When the Cougars skipped, floated and hopped joyously across the Clink rug into their halftime locker room Saturday night, I think I understood better Washington State coach Mike Leach’s laments that his team doesn’t quite get this winning thing.
The Cougs were behind 23-19, not ahead by 23-19, or ahead by anything. True, no one expected WSU to be within an hour’s F-15 plane ride of the second-ranked Oregon Ducks, but being four down at half is like having the winning ticket at the church raffle — please enjoy that set of coasters from The World’s Largest Open Pit Mine in Butte.
The three-time Pac-12 champion Ducks are resourceful, relentless and remorseless. Nothing about the first half altered what was merely a matter of time. The final score of 51-26 was pretty much what the bookies had in mind. In fact, it was what Oregon coach Chip Kelly had in mind.
“I think we understood that they probably gave us their best shot,” he said dryly of the Cougs’ first half. “We focused on finishing the game.”
There you have it — the difference between Oregon and Washington State (and a lot of other teams) is the knowing the front end of the fight from the back end.
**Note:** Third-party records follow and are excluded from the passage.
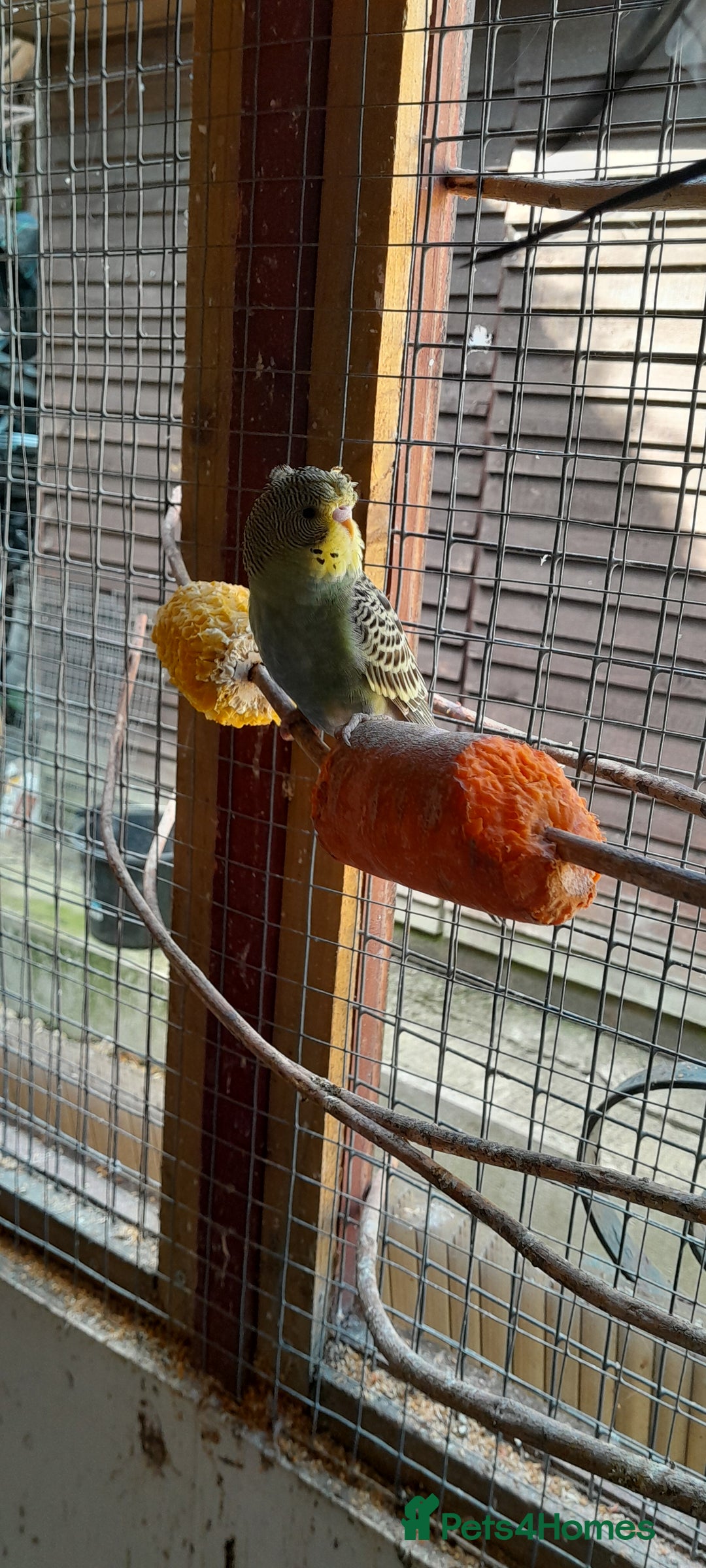 Budgerigars birds for sale: Budgies  - Image 2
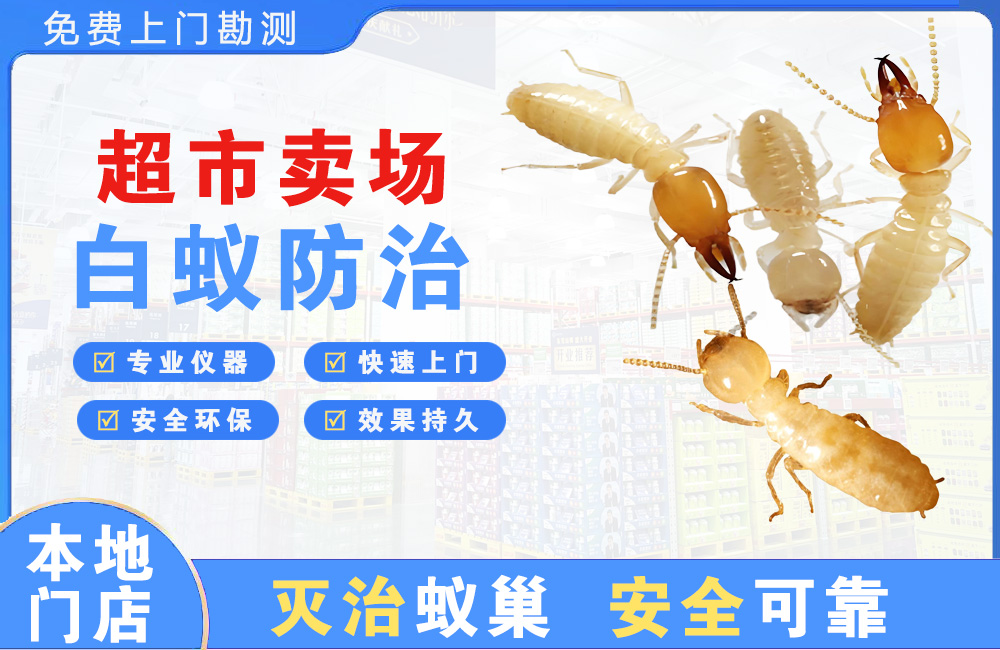 金坛超市卖场白蚁防治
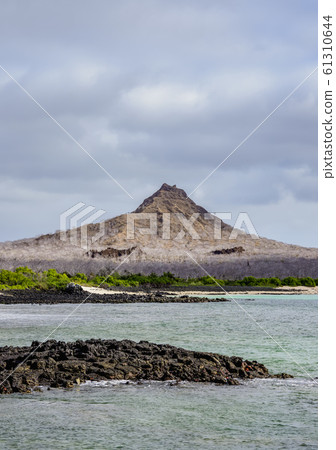 Dragon Hill at Santa Cruz Island, Galapagos, Dragon Hill at Santa Cruz Island, Galapagos, 61310644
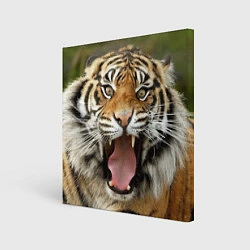 Холст квадратный Удивленный тигр, цвет: 3D-принт
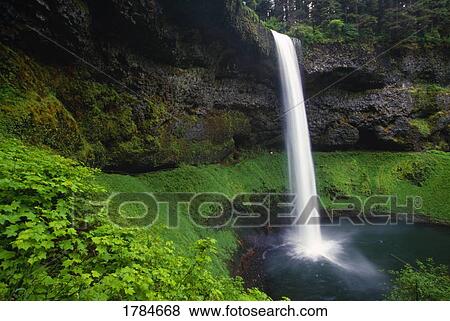Silver Falls State Park. View Large Photo Image Stock Photo - Silver Falls State Park.. Fotosearch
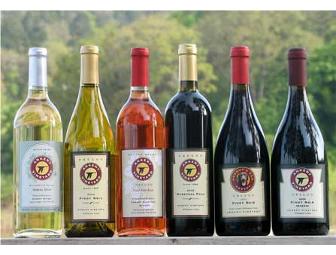 Ankeny Vineyard Wine Tasting & Vineyard Tour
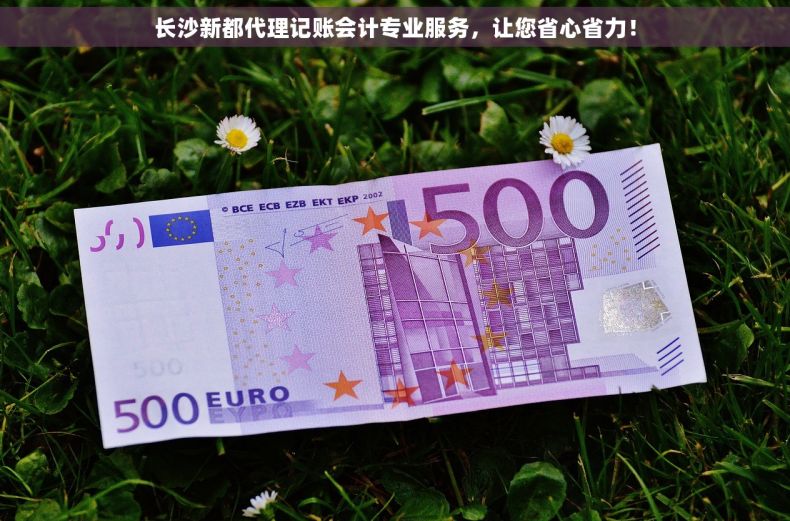 长沙新都代理记账会计专业服务，让您省心省力！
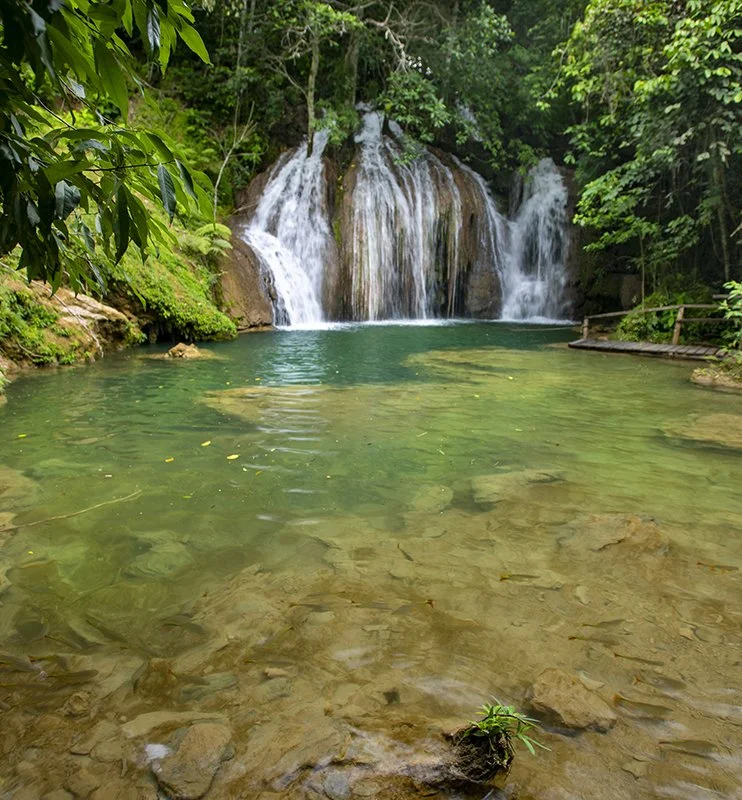 Rio do Peixe | Trilhas e Cachoeiras (Almoço Incluso)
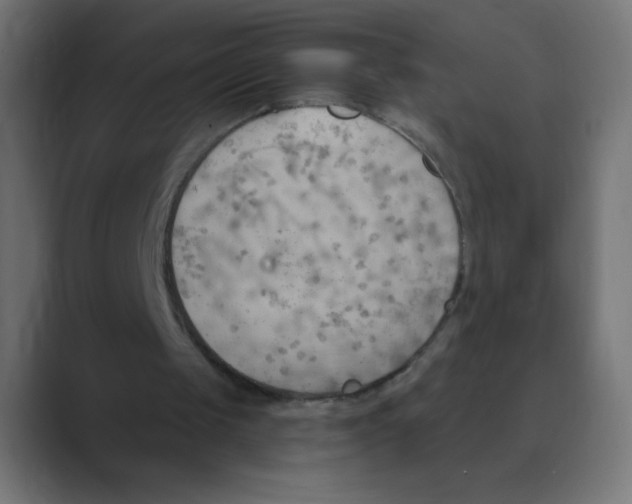 X0000088490049200706191432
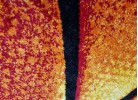 Тъкан килим MAGNOLIA 140 red/orange КРЪГ
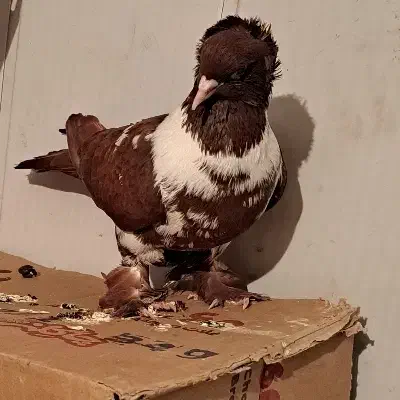 ککیلی نر|پرنده|اردبیل, |دیوار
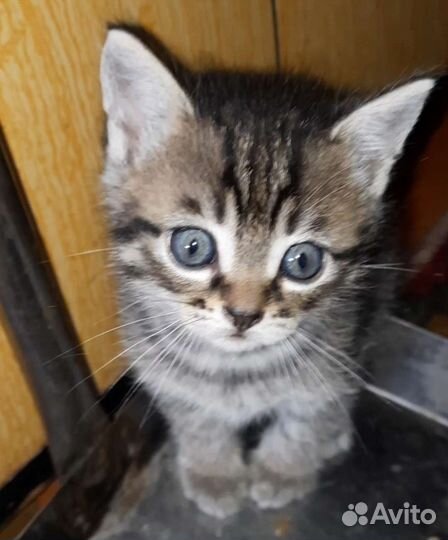 Котята ласковые и приученные к лотку в дар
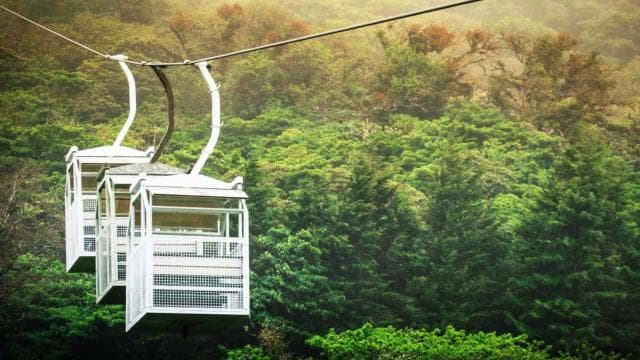 San Jose: Monteverde Sky Tram & Hanging Bridges Day Tour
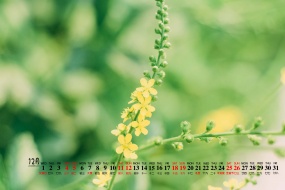 December 2021 small fresh green desktop calendar wallpaper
The Ducks know they’re Chuck Norris, and that bad guys will break a chair over his head once in a while, but they will still end up through the fourth-floor window and atop a car roof.
The fact that the Ducks weren’t quite as efficient as they were a year ago encouraged the Cougars a bit, and probably set a few Dawg tails wagging in Montlake in anticipation of Washington’s game Saturday in Eugene. But the University of Nike is a withering football machine that requires opponents to be errorless and fearless to stay even. The Cougars didn’t get it Saturday in Seattle, and the Huskies won’t get it at Autzen Stadium.
Leach knew at halftime his guys didn’t get it.
“We (coaches) told them, ‘Were too excited,'” Leach said. ” This surprise that we made plays . . . we shouldnt be surprised we made plays, and that good things happen to us.”
Leach shifted the cinematic analogy to the movie “Patton,” when the general is asked how his men will do in the pending battle.
“They’ll be fine,” Leached recalled Patton saying. Asked how he knew, Patton said, “Because they’re trained to be.”
Leach said he said the Cougars are being trained, “but we have to get to the mindset where good plays are expected because we do it all week long.”
The Ducks have been operating that way for years now. Based on the evidence Saturday, the message is starting to seep in with the Cougars. As harshly as he has criticized his players in the early season, Leach said the game “was the most complete one we’ve played.
“Even though the results aren’t what Id like, theres a lot of positives as far as personal effort. Best work weve done.”
WSU can be proud of the fact that they put up 410 yards in the air on 64 pass attempts with only one interception, albeit an egregious one –a pick-six of quarterback Connor Halliday for 40 yards by Ducks cornerback Avery Patterson with 7:20 left in the third quarter. That put up UO 37-19, which just a minute earlier had been 30-19 after the Ducks chugged through 18 plays and 76 yards.
The 14-point burst smashed the Cougars — the Ducks would run off 28 unanswered before the Cougars beat the spread with a brilliant bullet of a 25-yard pass from backup QB Jeff Tuel to Marquess Wilson in double coverage — and underscored the enormous talent disparity. Oregon has superior athletes and the Cougs have guys, mostly.
One of the guys who is becoming a genuine toughie is Halliday, who absorbed seven sacks and numerous other hits before finally being pulled with 4 1/2 minutes left. As he took his poundings, Halliday was bedeviled by drops from his receivers and whiffs by his blockers, which can’t be tolerated because Oregon’s overwhelming speed makes every offensive mistake expensive.
That was painfully evident in the last WSU possession of the first half. Halliday led them from their own 10-yard line to a first down at the Oregon 17. In the final minute, the Cougs had a shot at going into halftime with the lead.
Instead, three consecutive sacks of Halliday cost WSU 28 yards and forced a punt on fourth-and-Saskatchewan. The quarterback said the right thing — the sacks were on him — but as always, it was a team deal when advantage goes untaken.
I have to be able to go through my reads when I feel pressure,” he said, self-scolding. “For the most part, in the open field they (rushed) three or four. When we got inside the 30, they brought a lot. I missed a couple of hot routes and a couple of reads.
That’s what sophomore QBs do. He also knew the size of the opportunity blown, and was dismayed as Leach by the celebratory mood in the intermission cookies-and-milk break.
“Guys were pretty riled up,” he said. “We have to learn to stay within ourselves or we’ll never be successful.”
After a four-year record of 9-40 under former coach Paul Wulff, the learning curve is steep in the Palouse. But the 60,929 who showed up to the big city saw a team learn another lesson, as they did with the colossal collapse at home a week earlier against Colorado — never assume anything.
That, as Patton said, takes training. A lot of training.